"Selina does not seem very well," thought Oscar.

[CHAPTER XIII.]

FOLLY.

There is no misfortune on earth so great as that of a troubled conscience: there is nothing that will wear the spirits and the frame like a burdensome secret which may not be told. It will blanch the cheek and sicken the heart; it will render the day a terror and the bed weary; so that the unhappy victim will be tempted to say with Job: When shall I arise and the night be gone? He is full of tossings to and fro unto the dawning of the day: his sleep is scared with dreams and terrified with visions.

Had Mrs. Oscar Dalrymple been of a different temperament, this unhappy state of mind would have been hers. But she had no very deep feeling. Troubled in a degree she undoubtedly was. That terrible secret, the debts she had incurred, lay on her mind always in a greater or a less degree; for she knew that when her husband paid them he would be half ruined; certainly crippled for years to come.

Another season had come round and was at its height; and Mr. and Mrs. Dalrymple had again come up to it. The past autumn and winter had been spent at Moat Grange, which Selina found insufferably dull, and where her chief solace and recreation consisted in looking over her beautiful and extensive wardrobe, and trying on portions of it in private.

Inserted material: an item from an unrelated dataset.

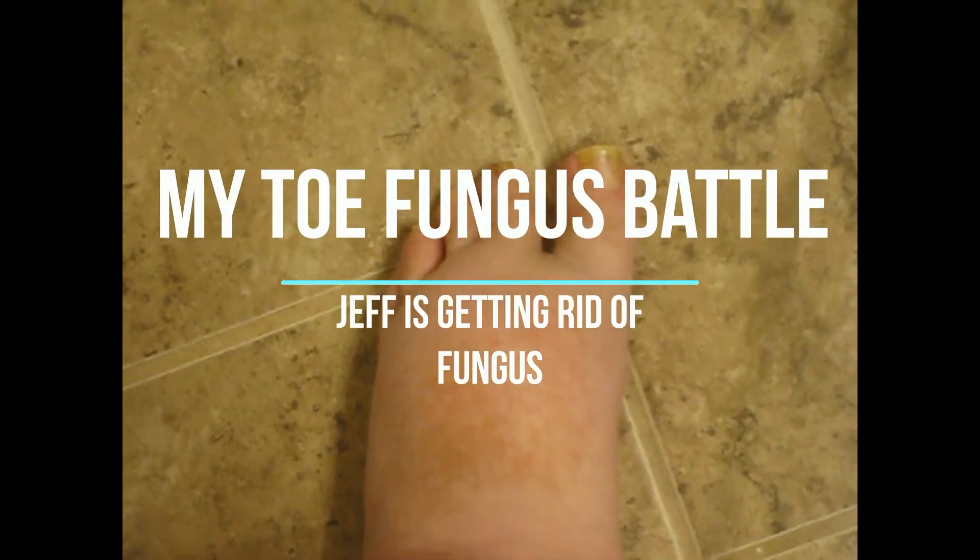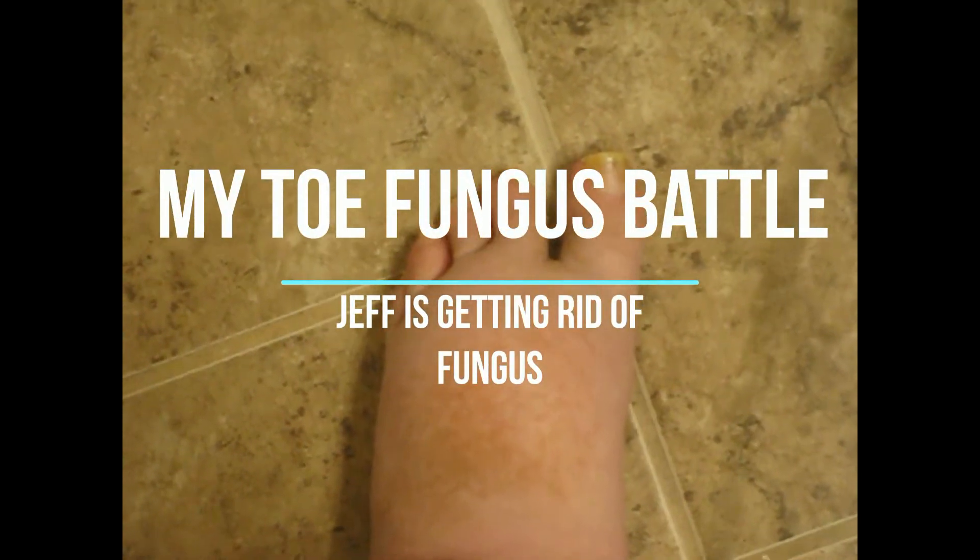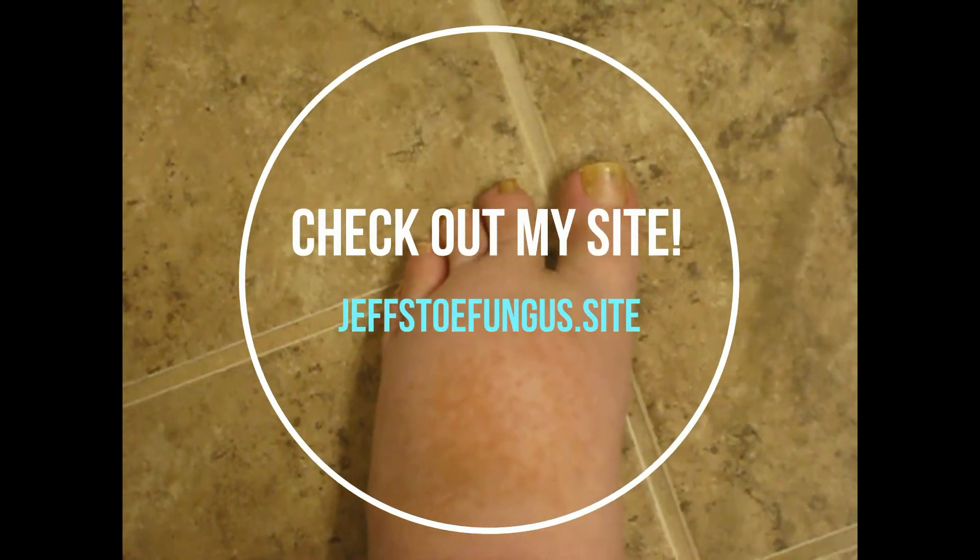Hey, it's Jeff, and I just wanted to give you an update on my toe fungus progress. I've been using ZetaClear now for some months — probably seven months now — and the ZetaClear is working really well for me. As you can see on my big toe,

A very negative sort of enjoyment. Where was the use of possessing these divine dresses and adjuncts, when no field was afforded for their display? Selina had ventured to wear one costly robe on a certain evening that she dined at Court Netherleigh, and was severely taken to task by her mother, who was the only other guest, and by Miss Upton, for appearing in such "finery." They asked her what she meant by such extravagance. And that before Oscar, too! Selina blushed a little and laughed it off; but she mentally wondered what would have been said had she put on her very finest, or if they saw the stock at home.

During the winter Selina had a fever, brought on, it was thought, from exposing herself unduly to damp. She grew better, but was somewhat delicate and very capricious. Oscar, loving her intensely, grew to humour her fancies and to pet her as if she were a spoiled child. Her conscience reproached her now and then for the tacit deceit she was enacting, in thus suffering him to live in blissful ignorance of their true position; but on the whole it did not trouble her greatly. Alice, her sensitive sister, would have died under it; Selina contrived to exist very comfortably.

"If you found out that I had done anything dreadfully wrong, would you quite kill me?" she playfully said to him one day.

"Dare say I should," answered Oscar, putting on a face of mock severity. "Might depend, perhaps, upon what the thing was."

"Ah, no; you'd just scold me for five minutes, and then kiss and be friends. I always said you'd never turn out to be an old griffin."